In recent decades, Israel has served as a laboratory for counterinsurgency war, one of the new faces of modern warfare. In Winning Counterinsurgency War: The Israeli Experience,
Maj.-Gen. (res.) Yaakov Amidror, who was appointed in 2011 as National Security Advisor to Prime Minister Benjamin Netanyahu and previously served as head of the IDF Intelligence Research and Assessment Division, discusses in detail how, contrary to popular belief, conventional armies can indeed defeat terrorist insurgencies. He focuses particularly on Israel's success in defeating the suicide terrorist onslaught known as the Second Intifada, which began in 2000.
Col. (res.) Yehuda Wegman also writes based on the IDF's experiences in the Second Intifada. In Israel's Security Doctrine and the Trap of 'Limited Conflict',
an earlier version of which appeared in the IDF journal Marachot in Hebrew, he points out that suicide terrorists, though presented as insurmountable weapons, are really products of a system whose leaders value their lives. Accordingly, it is the heads of the terrorist organizations who should be the main targets of Israel's response.
A key element in Israel's success in defeating the challenges of the Second Intifada was the construction of a security barrier to separate Israel's population centers from terrorists based in the West Bank. In Lessons of the Gaza Security Fence for the West Bank,
Maj.-Gen. (res.) Doron Almog, head of the IDF's Southern Command in 2000-2003, describes how a security fence coupled with a buffer zone prevented terrorists from leaving Gaza. Instead they changed tactics and developed rockets, and warned that they could do so as well from the West Bank.
Col. (res.) Danny Tirza, the IDF's chief architect for the West Bank security fence, discusses The Strategic Logic of Israel's Security Barrier,
explaining why the fence wasn't built along the green line
– the 1949 ceasefire line. From a security perspective, mountains dominate valleys. To provide security, Israel must control the high ground in order to dominate the area and not have others dominate it. Col. Tirza then follows with a fascinating account of The Influence of Christian Interests in Setting the Route of the Security Fence in Jerusalem.
Brig.-Gen. (res.) Shalom Harari served in the territories for twenty years as a senior advisor on Palestinian affairs for Israel's Defense Ministry. Speaking at the Jerusalem Center in October 2005, he predicted the rise of Hamas in Gaza. In Predicting the Rise of Hamas: The Democracy of the Rifles,
he pointed out that while Fatah forces in Gaza at the time outnumbered Hamas by four to one, every Hamas and Islamic Jihad member was worth five or six Fatah members because they were much more committed and fanatical and had more self-discipline. Hamas won the Palestinian elections three months later, and took over all of Gaza from Fatah in June 2007 after a brief fight.

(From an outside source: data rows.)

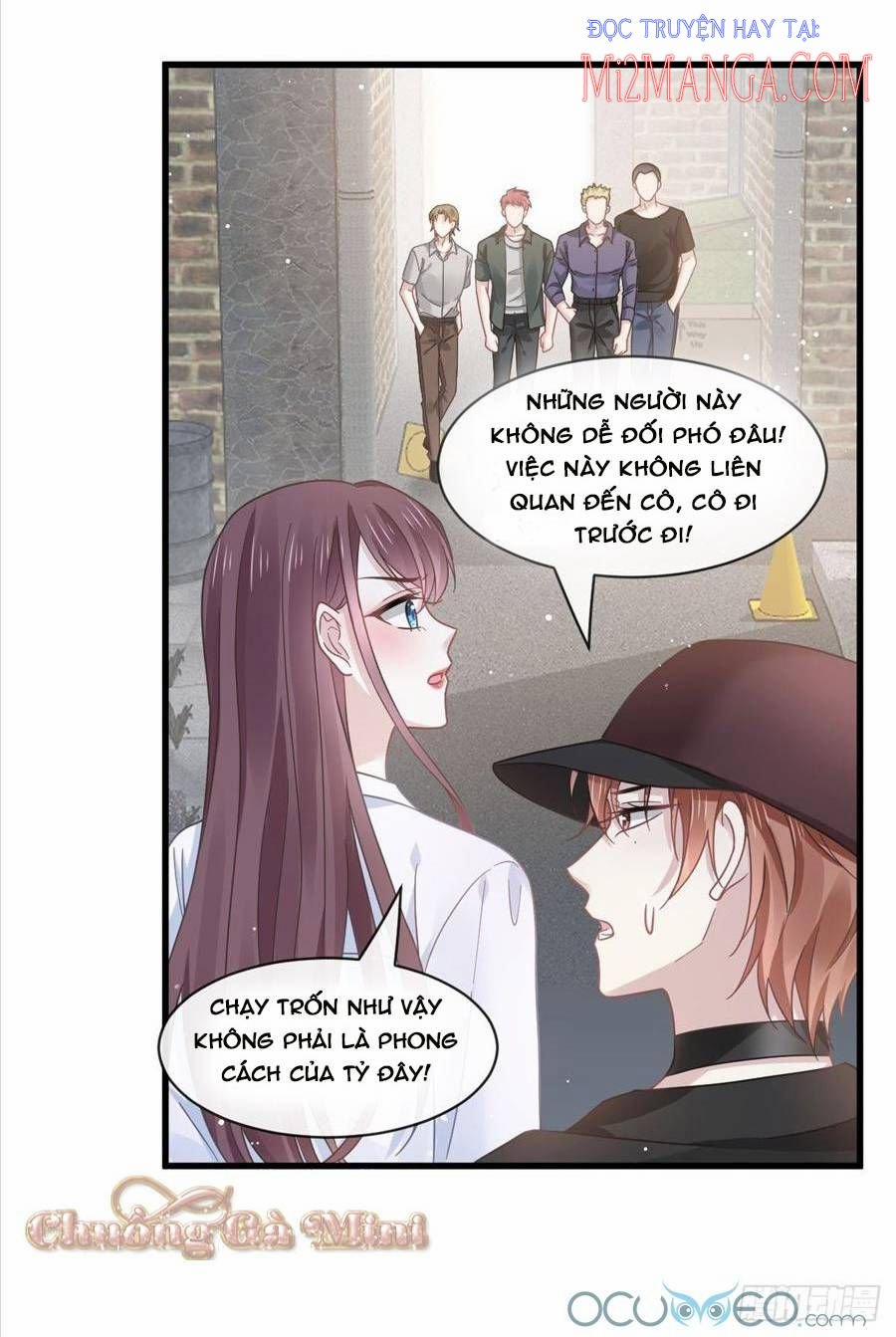 Trọng Sinh Trở Thành Phu Nhân Tổng Tài Huyết Tộc 28 trang 5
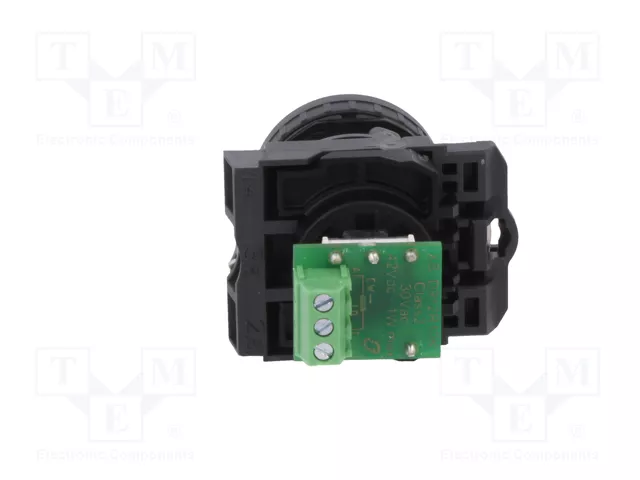 SCHNEIDER ELECTRIC Potenciómetro Harmony XB5 10kΩ Negro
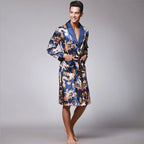 Summer Autumn Kimono Bath Bathrobe
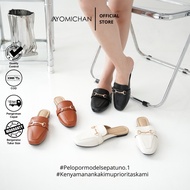 Khanschan Clover AYM625 Mules Women Heels/Heels 1cm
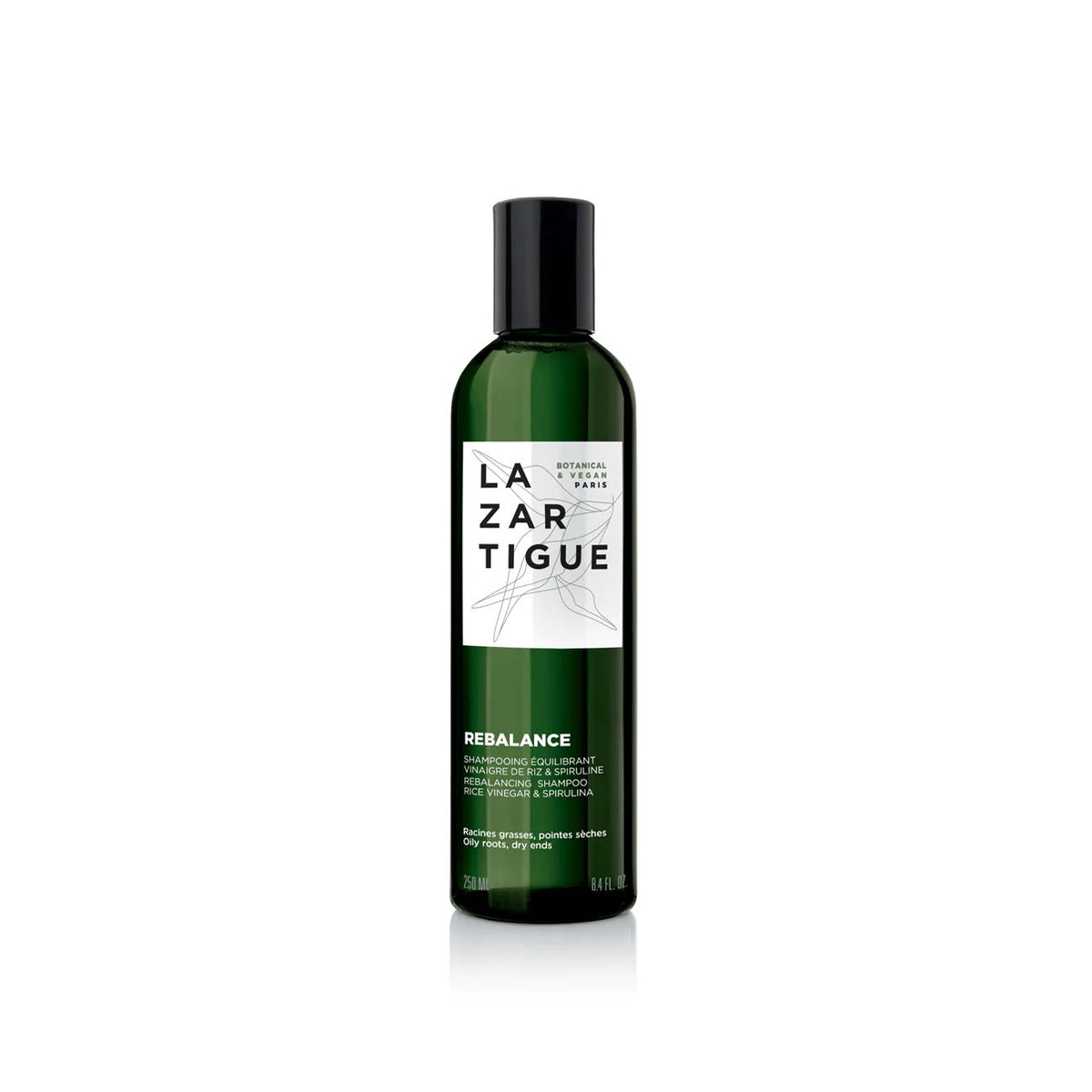 Lazartigue, Rebalance, Vegan, Haarshampoo, Zum Ausgleich, 250 ml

The Second Lebanon War in the summer of 2006 saw over a million residents of northern Israel subject to Hizbullah rocket bombardments that continued up until the end of the 34-day conflict. Critical voices immediately began to ask why Israel had not vanquished a numerically inferior enemy. Maj.-Gen. (res.) Yaakov Amidror warns against Misreading the Second Lebanon War,
noting that Hizbullah's casualties in the war were greater than all the casualties Hizballah had suffered during the previous twenty years. He also noted that the determination of Israel's government to respond and to retaliate was a very important factor in restoring deterrence. Finally, Gen. Amidror looks at some of the Strategic Lessons of the Winograd Commission Report on the Lebanon War
– the commission that investigated Israel's conduct during the war.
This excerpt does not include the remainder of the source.